In the recent case of Commonwealth v. Elliott, 2012 Pa. LEXIS 2088, 12-13 (Pa. 2012), the Pennsylvania Supreme Court was confronted with the issues of whether a county board of probation offices, or the agents and officers thereof, can impose conditions upon probationers that are not explicitly delineated in a trial court’s sentencing and probation order. The Court concluded that this inquiry revolves around an interpretation of the Sentencing Code, 42 Pa.C.S. §§ 9701, et seq., as well as the Prisons and Parole Code, 61 P.S. § 1, et seq. and 61 Pa.C.S. § 101, et seq. The court also examined the relationship between “terms and conditions of probation,” as used in Sections 9754 and 9771 of the Sentencing Code, which a trial court imposes, and “conditions of supervision” as contemplated by the Prisons and Parole Code, which the Board and its agents execute.

The court reviewed the fourteen conditions that a court may place upon a probationer, stating:

These conditions, found in 42 Pa.C.S. § 9754(c), “shall” be imposed by a sentencing court “to insure or assist the defendant in leading a law-abiding life.” 42 Pa.C.S. § 9754(b). Moreover, these conditions are inherently non-inclusive, because clause (13) of Section 9754(c) permits a court to impose any condition necessary to ensure the “rehabilitation of the defendant.” Id. § 9754(c). Consistent, then, with a court’s constitutional and statutory authority to impose a sentence, see e.g. id. §§ 9751, 9754, & 9771, these fourteen conditions must be the starting point in any analysis of a probation violation.

Initially, the court preliminarily agreed with Appellee that the Board and its agents cannot impose any condition of supervision it wishes, carte blanche.
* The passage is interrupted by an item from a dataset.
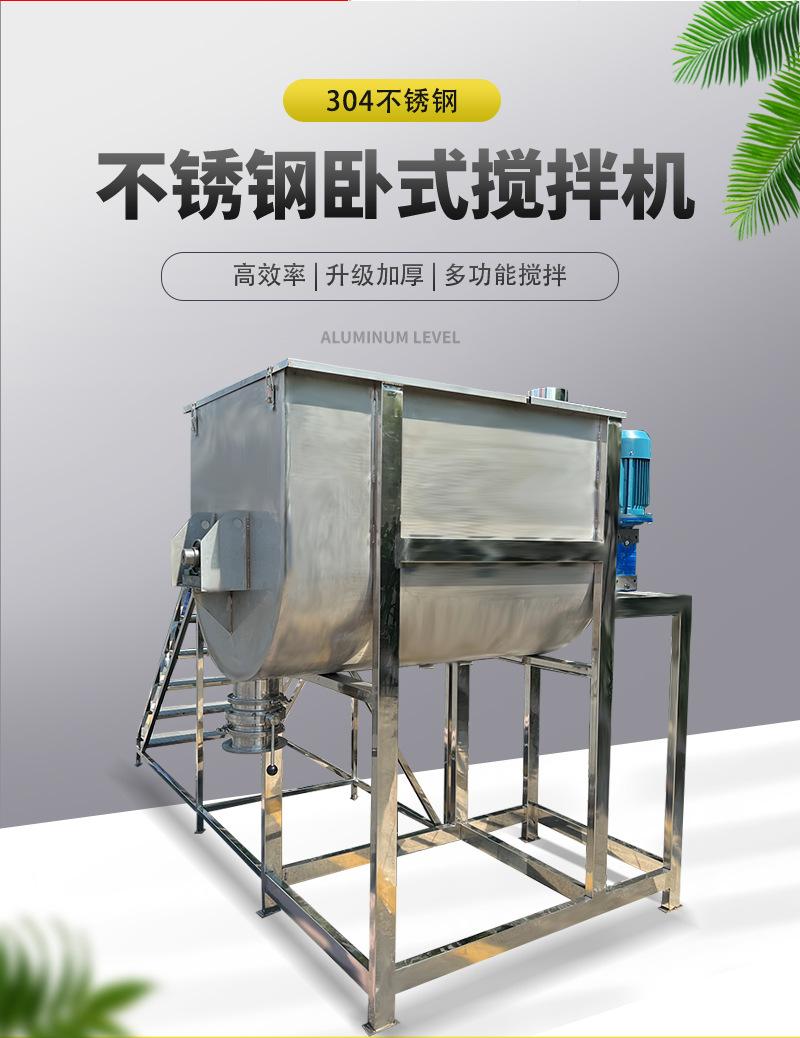 卧式搅拌机_04.jpg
This would, of course, interfere with a court’s well-established sentencing authority. The Court rejected the primary argument of the Commonwealth that Section 9798.3 of Megan’s Law gives the Board independent authority to impose any condition of supervision it wishes upon a probationer subject to the sex offender provisions merely because of his status as a sex offender. Furthermore, the court noted that the legislature’s intent in promulgating Section 9897.3 was simply to permit the Board to use GPS tracking on sex offenders in furtherance of the desire to scrutinize the physical location of offenders. See Senate Journal, Jun. 19, 2006 at 1730-31 (remarks of Sens. Orie and Rafferty).

Nonetheless, the court rejected the probationer’s position that the Board has no power to impose conditions of supervision would ignore that 61 Pa.C.S. §§ 6131(a)(5)(ii) and 6151 direct the Board and its agents to establish and impose “conditions of supervision,” distinct from “conditions of probation.” The court concluded that the Board and its agents may impose conditions of supervision that are germane to, elaborate on, or interpret any conditions of probation that are imposed by the trial court. This interpretation gives meaning to all of the statutory provisions relevant to this case and thus: (1) maintains the sentencing authority solely with a trial court; (2) permits the Board and its agents to evaluate probationers on a one-on-one basis to effectuate supervision; (3) sustains the ability of the Board to impose conditions of supervision; and (4) authorizes that a probationer may be detained, arrested, and “violated” for failing to comply with either a condition of probation or a condition of supervision.

“A trial court may impose conditions of probation in a generalized manner, and the Board or its agents may impose more specific conditions of supervision pertaining to that probation, so long as those supervision conditions are in furtherance of the trial court’s conditions of probation.” Commonwealth v. Elliott, 2012 Pa. LEXIS 2088, 19-21 (Pa. 2012)

This case focused around a condition of probation that a sex offender under Megan’s Law Supervision, could not be within 1000 feet of any location that would cause him to come in contact with minor children unsupervised, which in turn would constitute a violation of his probation. The court determined that there was no evidence in the record to reach this issue and therefore sent the case back to superior court to determine such.